A norma atribui a equilibragem de um rotor rígido num único plano às competências da categoria II, e a equilibragem em dois planos, nos seus próprios apoios, à categoria III. Se o rotor for flexível, houver uma ressonância próxima ou a máquina assentar em rolamentos de deslizamento, a tarefa sobe de nível e exige um conjunto alargado de métodos.

**Fiz o curso, isso significa que tenho a categoria II?**

Não. O certificado de conclusão do curso confirma o facto da formação, não a qualificação, e não dá o direito de realizar medições e análises. Depois do curso, obtém o direito de se candidatar ao exame de certificação. A categoria surge depois do exame aprovado num organismo de certificação.

**Quantas horas de formação e de experiência exige a norma para cada categoria?**

Os mínimos para cada área temática e os requisitos de experiência prática existem na norma, mas os números concretos dependem da edição e interpretam-se em conjunto com as regras do organismo de certificação.

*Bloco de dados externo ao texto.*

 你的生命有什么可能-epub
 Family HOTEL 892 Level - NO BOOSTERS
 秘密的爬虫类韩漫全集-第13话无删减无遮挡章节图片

Não os retire de artigos, incluindo este. Consulte a edição em vigor da ISO 18436-2.

**O certificado de categoria é vitalício?**

Não. O reconhecimento é válido por um prazo limitado e é renovado mediante confirmação de trabalho prático contínuo na especialidade; em caso de interrupção prolongada da prática, a renovação não é concedida. Os prazos e condições exatos são definidos pela edição em vigor e pelo organismo de certificação. Pergunte ao subcontratado pela data de validade, não pela existência do documento.

**Um fabricante de aparelhos pode ser um centro de formação?**

Como centro de formação, sim, é permitido, mas com a proibição direta de promover, no curso, um produto comercial concreto. Já como organismo de certificação para os utilizadores dos seus próprios produtos, o fabricante não pode ser: o esquema exige independência de interesses comerciais. Nós fabricamos aparelhos, por isso não certificamos ninguém.